From your results, I see that for $\lambda = 0.1$, the RQR loss sometimes leads to miscoverage but also has a smaller interval width. To me, these results point more to the fact that $\lambda = 0.1$ is not as well chosen as e.g. $\lambda = 0.5$ for OpiGNN's objective.
Especially on real datasets (comparing with OpiGNN
), I also do not see the clear-cut consistent advantage of your loss function: on Chameleon, Squirrel, Income, (almost) Election, and Education, the RQR loss produces the favorable result.
### Baselines at different coverage
Thank you for this insightful additional evaluation. For SQR, the case is pretty clear that this method fails consistently under different coverage requirements, and I agree with the collapse on heterophilic data.
For RQR, the case seems less clear: While still the desired coverage is consistently not met, setting the coverage requirement to 95%, the results compare favorably to OpiGNN at a requirement of 90%.

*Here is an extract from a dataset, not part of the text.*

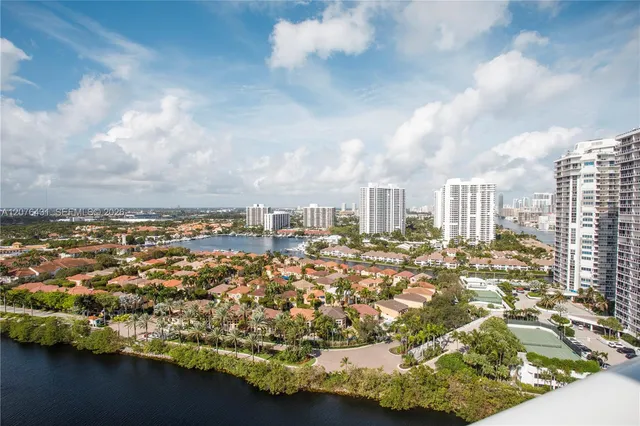 2-bedroom home at 20505 E Country Club Drive #PH-39, Aventura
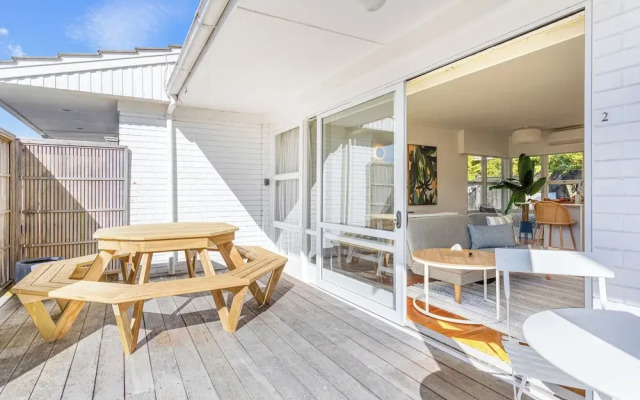 Takapuna 2 Br House Near Beach W/ Parking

I still want to clarify that I believe this is problematic: RQR seems to undercover, while OpiGNN overcovers. But, in practice, I could just set the requirement for RQR to 95% to obtain tighter intervals at a coverage of 90%. Again, my point here is that from a Pareto-optimal perspective, neither OpiGNN nor RQR outperforms the other. Arguably, RQR's failure mode is more severe in practice, however.
I believe that it is valuable to have a model that at least ensures coverage consistently (even at too large intervals), but I believe this perspective needs to be highlighted in the paper to fully understand where OpiGNN lies in the literature.
### Baseline Penalty
Thank you for that evaluation. It seems that, similar to OpiGNN, RQR is more or less insensitive to the penalty magnitude. Put differently, both models do not allow to smoothly control the trade-off between coverage and interval width through the penalty term.
This potentially reveals an interesting problem in UQ for regression on graphs.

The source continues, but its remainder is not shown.